§ EXERCISE PROMPT: Every line below needs to be printed again exactly, without any of its pictures.

SUPPLIED INFORMATION section start

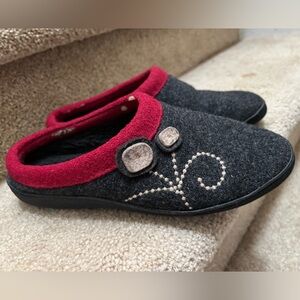 Acorn Dara Embroidered Boiled Wool Clog Slipper Womens Size 9-10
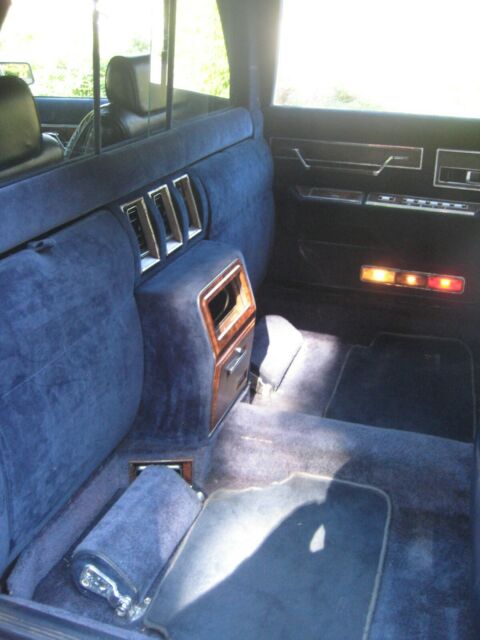 1984 Chrysler LeBaron Executive Limousine - photo 9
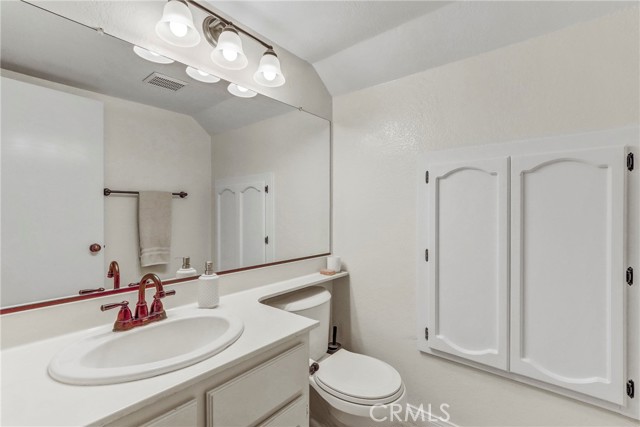 Detail Gallery Image 18 of 45 For 904 Lombard Ct, Costa Mesa,  CA 92626 - 3 Beds | 2/1 Baths
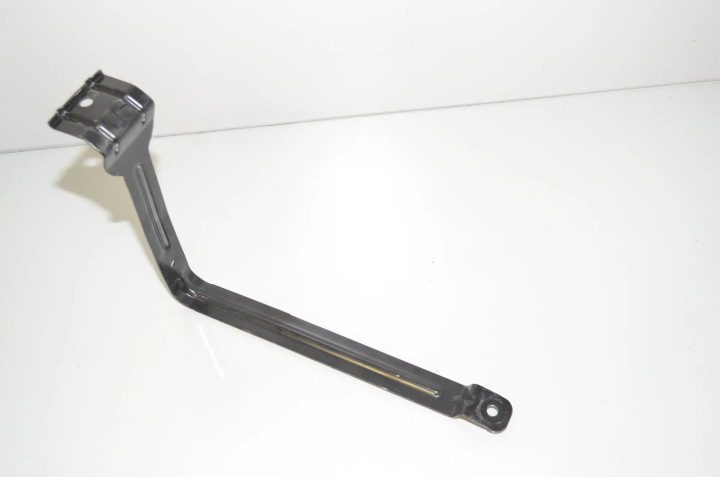 Кронштейн аккумулятора BMW 5 (F10) 61217609962 2.0L дизель 140 кВт 2015, фото 2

SUPPLIED INFORMATION section end

§ RESPONSE BELOW:
 Acorn Dara Embroidered Boiled Wool Clog Slipper Womens Size 9-10
 1984 Chrysler LeBaron Executive Limousine - photo 9
 Detail Gallery Image 18 of 45 For 904 Lombard Ct, Costa Mesa,  CA 92626 - 3 Beds | 2/1 Baths
 Кронштейн аккумулятора BMW 5 (F10) 61217609962 2.0L дизель 140 кВт 2015, фото 2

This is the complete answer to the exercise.